Перестань! Я сейчас умру от смеха! Вот умора… бзззррр… бзззррр… Да ты не там смотришь! Ку-ку! Я тут! Паф! Промазал, папаша! Паф! Опять промазал!

О, нет! Ты больше не в игре? Тогда ты полный отстойник! Ты снова ложишься в постель? Я какое-то время выжидаю. Затем снова иду в атаку и кусаю! На этот раз в шею! Увидишь завтра, когда наденешь рубашку. А теперь я пью твою кровь. А-а-а-а! Господи, да ты назюзюкался! У тебя в крови как минимум три грамма алкоголя, старый негодник!

Возьму реванш на твоей жёнушке. Ммм, вкусно, сладко. Наверное, твоя благоверная любит пирожные.

Ладно, я хороший, так что оставлю вас в покое. И спасибо за ужин! Я с трудом отрываюсь, так переполнен мой резервуар, ах!

Ужас! Что это такое? Во что я вляпался? Я в ловушке! Мама! Это паутина! Скорее, я должен вырваться… Слишком поздно! На помощь! Вот он! Паук! Он приближается… Не-е-е-ет! Не-е-е-ет!
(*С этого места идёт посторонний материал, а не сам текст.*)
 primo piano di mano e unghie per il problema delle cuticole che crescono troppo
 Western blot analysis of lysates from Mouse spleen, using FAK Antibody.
Не-е-е-е-е-е-е-ет…

Голод


Всё.

Я больше никогда ничего не буду есть.

Я умру от голода.

Мама может лить слезы, угрожать, умолять, это ничего не изменит.

«Ложечку за папу, ложечку за бабушку, ложечку за тётю Анни, ложечку за любимую мамочку…» – довольно с меня всего этого.

Сначала уехал папа. Очень далеко отсюда. В Канаду, я думаю, или в Гватемалу.

Потом умерла бабушка.

А тётя Анни ушла в монастырь.

А любимая мамочка плевать на меня хотела с тех пор, как встретила своего господина Дабера. Она выйдет за него, так она сказала. Потому что он богат. Неудивительно, ведь пирожные в его кондитерской стоят дороже, чем икра или печень с трюфелями.

Но мне всё равно: завтра я объявлю голодовку.

Я стану худым и костлявым. Как спичка. Смогу просачиваться под дверями и между оконными рамами.

Все будут обо мне беспокоиться.

А потом однажды ночью я проникну в кондитерскую господина Дабера. Через замочную скважину, естественно.

И всё там уничтожу. Всё-всё-всё: ромовые бабы, пирожные с кофейным кремом, бриоши, круассаны, торт «Наполеон», меренги, «мадленки», миндальное печенье, пончики с баварским кремом, шоколадки, леденцы из ячменного сахара, грушевые пироги… Всё-всё-всё! Я съем всё!